Niezwykle ujęła mnie subtelność i delikatność, z jaką Sautet potraktował to kruche uczucie, umarłe, nim zdążyło się naprawdę narodzić. I nie było to niczyją winą - któreś z nich po prostu zjawiło się na tym świecie zbyt późno, któreś zbyt wcześnie... A może tak właśnie, jak się stało, stało się dobrze? Kto wie? Być może ta miłość, spełniona w jednym bolesnym uścisku, w jednym spojrzeniu, miała każdemu z nich coś ważnego uświadomić?
To piękne, że ten dojrzały mężczyzna, mimo targających nim namiętności, potrafił uszanować młodość Nelly, jej prawo wyboru. Zdawał sobie sprawę ze swej przegranej pozycji i pogodził się z nią mimo cierpień, jakich mu przysparzała, nie decydując się na żaden fałszywy ruch. Wiem, że Nelly to doceniła, zrozumiała, zbyt późno, niestety. A może... w samą porę? Skoro nie miała szansy ta miłość, a ta historia - prawdziwie szczęśliwego rozwiązania...

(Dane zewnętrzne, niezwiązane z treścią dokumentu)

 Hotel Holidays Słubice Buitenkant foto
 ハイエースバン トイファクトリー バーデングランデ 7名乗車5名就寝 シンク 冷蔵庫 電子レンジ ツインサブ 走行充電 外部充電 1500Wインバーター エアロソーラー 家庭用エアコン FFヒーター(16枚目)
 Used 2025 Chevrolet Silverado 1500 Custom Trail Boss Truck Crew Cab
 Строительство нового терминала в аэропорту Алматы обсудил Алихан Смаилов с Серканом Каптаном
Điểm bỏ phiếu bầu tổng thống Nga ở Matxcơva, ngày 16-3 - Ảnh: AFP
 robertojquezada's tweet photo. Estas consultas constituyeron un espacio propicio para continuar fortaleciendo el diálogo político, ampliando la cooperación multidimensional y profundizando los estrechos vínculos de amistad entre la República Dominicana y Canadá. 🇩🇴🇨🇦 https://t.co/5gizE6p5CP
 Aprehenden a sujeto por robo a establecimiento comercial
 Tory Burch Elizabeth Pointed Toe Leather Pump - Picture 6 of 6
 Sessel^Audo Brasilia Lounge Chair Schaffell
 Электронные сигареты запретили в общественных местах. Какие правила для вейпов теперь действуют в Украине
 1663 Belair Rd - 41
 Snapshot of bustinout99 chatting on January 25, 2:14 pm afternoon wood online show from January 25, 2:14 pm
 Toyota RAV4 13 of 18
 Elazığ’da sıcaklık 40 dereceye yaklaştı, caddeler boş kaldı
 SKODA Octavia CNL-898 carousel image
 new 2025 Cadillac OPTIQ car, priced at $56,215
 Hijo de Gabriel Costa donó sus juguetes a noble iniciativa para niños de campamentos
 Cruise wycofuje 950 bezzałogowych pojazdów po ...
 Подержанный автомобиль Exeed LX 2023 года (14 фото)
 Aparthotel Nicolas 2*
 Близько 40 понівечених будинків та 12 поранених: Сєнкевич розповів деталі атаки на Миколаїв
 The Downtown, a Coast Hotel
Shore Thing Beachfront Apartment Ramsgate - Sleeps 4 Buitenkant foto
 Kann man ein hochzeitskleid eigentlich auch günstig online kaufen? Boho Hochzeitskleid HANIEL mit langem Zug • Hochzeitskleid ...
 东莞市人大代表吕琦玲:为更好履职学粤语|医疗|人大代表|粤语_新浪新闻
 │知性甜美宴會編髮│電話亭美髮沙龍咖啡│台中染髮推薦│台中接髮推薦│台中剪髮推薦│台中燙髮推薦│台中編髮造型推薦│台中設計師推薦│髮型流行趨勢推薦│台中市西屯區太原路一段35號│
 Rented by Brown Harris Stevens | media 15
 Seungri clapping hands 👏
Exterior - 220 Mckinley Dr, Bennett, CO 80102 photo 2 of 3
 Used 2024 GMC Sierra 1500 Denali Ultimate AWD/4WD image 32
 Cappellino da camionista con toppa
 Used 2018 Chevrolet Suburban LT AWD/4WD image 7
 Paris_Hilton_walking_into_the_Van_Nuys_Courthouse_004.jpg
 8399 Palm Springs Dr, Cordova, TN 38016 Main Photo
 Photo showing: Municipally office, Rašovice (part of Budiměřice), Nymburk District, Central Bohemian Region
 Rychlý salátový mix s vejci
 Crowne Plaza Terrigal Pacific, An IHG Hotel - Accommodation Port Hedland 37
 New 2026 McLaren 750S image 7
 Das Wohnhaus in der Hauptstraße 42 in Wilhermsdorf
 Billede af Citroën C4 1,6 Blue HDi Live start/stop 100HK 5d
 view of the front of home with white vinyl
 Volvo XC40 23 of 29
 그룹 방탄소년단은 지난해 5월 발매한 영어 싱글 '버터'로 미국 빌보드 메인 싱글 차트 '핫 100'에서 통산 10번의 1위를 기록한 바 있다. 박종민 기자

Pięknie to napisałaś. W samo sedno... dokładnie tak odebrałam ten film. Brakuje mi tak pięknych filmów o przemijaniu, młodości w zderzeniu ze "starością". Tak subtelnych, wciągających i pozostawiających nas w zamyśleniu. Michel Serrault - brawa. Bardzo przekonywająco zagrał tę postac.